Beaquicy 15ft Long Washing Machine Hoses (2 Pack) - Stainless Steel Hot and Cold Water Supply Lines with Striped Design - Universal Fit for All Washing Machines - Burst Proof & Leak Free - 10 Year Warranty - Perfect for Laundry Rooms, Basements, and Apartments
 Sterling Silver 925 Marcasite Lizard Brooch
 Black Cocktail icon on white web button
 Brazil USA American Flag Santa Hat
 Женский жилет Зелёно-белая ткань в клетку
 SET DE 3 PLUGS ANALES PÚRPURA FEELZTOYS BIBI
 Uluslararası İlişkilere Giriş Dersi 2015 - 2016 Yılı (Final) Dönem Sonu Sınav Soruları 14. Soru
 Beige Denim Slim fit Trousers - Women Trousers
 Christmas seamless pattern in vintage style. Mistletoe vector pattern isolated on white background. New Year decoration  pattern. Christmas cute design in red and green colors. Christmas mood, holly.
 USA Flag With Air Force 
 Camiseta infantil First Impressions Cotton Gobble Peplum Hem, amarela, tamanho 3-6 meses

++++++++

GOAL OF THE EXERCISE:
This task calls for an exact reproduction of the lines that start at the one containing "Christmas seamless pattern" and continue to the end of the entries above.

TASK SOLUTION:
 Christmas seamless pattern in vintage style. Mistletoe vector pattern isolated on white background. New Year decoration  pattern. Christmas cute design in red and green colors. Christmas mood, holly.
 USA Flag With Air Force 
 Camiseta infantil First Impressions Cotton Gobble Peplum Hem, amarela, tamanho 3-6 meses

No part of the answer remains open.